We should not require explicit MP_RETIRE_CID after PATH_ABANDON

huitema commented 1 month ago

The PATH_ABANDON is a commitment to not send data anymore on the specified path. Not sending data on the path implicitly means that the endpoint will not use any of the MP_NEW_CID sent by the peer for the abandoned path. De facto, that's equivalent to retiring these CIDs: they will not be used anymore. Sending explicit MP_RETIRE_CID is just overhead, or maybe worse than overhead.

In monopath QUIC, sending a RETIRE_CID is useful because it can trigger production by the peer of a NEW_CID. But in the PATH_ABANDON scenario, there is no point: if the peer produced more MP_NEW_CID frames, they will just be unused. Since there is no point, some implementations may be tempted to not do it. The endpoint could just silently drop the unused CID, and would not suffer any consequence. The peer, on the other hand, will be stuck with a list of "zombie CID" that have no utility and just consume memory. So, if we look at the endpoint that receives the path Abandon, its interest is to free resource asap, whether MP_RETIRE_CID frames are received after the path Abandon or not.

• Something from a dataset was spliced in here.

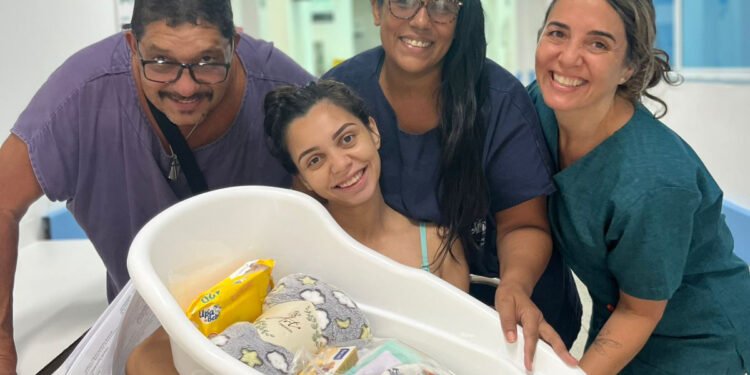 Primeira macaense a nascer em 2025 veio ao mundo pesando 2.205kg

The main synchronization issue is the "stateless reset" risk. When an endpoint sends a PATH ABANDON, there maybe some packets in transit that will be delivered out of order. If the peer has deleted all knowledge of the path-associated CID, the CID in the out of order packets will not be recognized, and the peer will send a "stateless reset" packet.

We could specify a complex solution to eliminate the stateless reset risk, such as ask to retain knowledge of the old CID for 3*PTO after receiving the PATH_ABANDON. That will reduce the risk of generating stateless reset packets, but it will not eliminate it. But then, stateless reset packets only have an effect if they can be verified, if the last 16 bytes match the "Stateless Reset Token" of a valid CID for the connection. If the sender of the path abandon has freed all resource associated with the CIDs for the abandoned path-ID, it will also have deleted the corresponding stateless reset tokens. The stateless reset packet sent by the peer thus will not be recognized as a valid stateless reset, and will have no effect on the state of the connection.

Thus, I think that the proper behavior should be:

1) When sending a path abandon frame, immediately free the resource associated with the CIDs received from the peer for that path.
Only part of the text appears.